(Dataset items)
********
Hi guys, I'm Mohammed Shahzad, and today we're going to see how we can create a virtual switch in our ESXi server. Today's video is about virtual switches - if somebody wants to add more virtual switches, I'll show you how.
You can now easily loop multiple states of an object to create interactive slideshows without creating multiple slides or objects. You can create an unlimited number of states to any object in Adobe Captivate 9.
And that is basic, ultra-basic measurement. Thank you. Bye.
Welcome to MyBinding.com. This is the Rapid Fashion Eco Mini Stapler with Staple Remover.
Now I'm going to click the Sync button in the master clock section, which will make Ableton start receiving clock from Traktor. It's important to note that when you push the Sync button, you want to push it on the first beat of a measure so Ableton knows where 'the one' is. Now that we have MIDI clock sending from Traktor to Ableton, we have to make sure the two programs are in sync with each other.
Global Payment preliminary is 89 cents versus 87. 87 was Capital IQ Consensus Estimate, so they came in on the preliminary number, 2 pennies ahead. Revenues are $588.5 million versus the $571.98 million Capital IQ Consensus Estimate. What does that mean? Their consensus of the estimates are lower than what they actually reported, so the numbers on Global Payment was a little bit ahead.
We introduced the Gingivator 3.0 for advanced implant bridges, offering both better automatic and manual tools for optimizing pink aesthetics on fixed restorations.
********
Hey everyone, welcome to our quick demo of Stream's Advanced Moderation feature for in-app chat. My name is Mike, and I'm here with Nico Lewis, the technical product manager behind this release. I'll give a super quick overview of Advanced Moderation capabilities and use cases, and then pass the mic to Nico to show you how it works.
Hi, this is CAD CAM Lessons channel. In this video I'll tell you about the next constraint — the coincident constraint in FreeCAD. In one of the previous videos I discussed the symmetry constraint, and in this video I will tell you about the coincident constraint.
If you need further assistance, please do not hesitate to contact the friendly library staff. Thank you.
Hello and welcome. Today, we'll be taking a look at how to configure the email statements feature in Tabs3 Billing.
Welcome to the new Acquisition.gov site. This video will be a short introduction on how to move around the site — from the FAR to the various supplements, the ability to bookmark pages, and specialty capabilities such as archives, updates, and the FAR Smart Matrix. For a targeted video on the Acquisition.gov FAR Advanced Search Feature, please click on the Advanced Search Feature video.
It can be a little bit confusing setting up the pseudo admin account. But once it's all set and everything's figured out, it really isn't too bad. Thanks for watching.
********
Task instructions | Search the data above for the string "Today" and report each line that holds it.

Solved problem |
Hi guys, I'm Mohammed Shahzad, and today we're going to see how we can create a virtual switch in our ESXi server. Today's video is about virtual switches - if somebody wants to add more virtual switches, I'll show you how.
Hello and welcome. Today, we'll be taking a look at how to configure the email statements feature in Tabs3 Billing.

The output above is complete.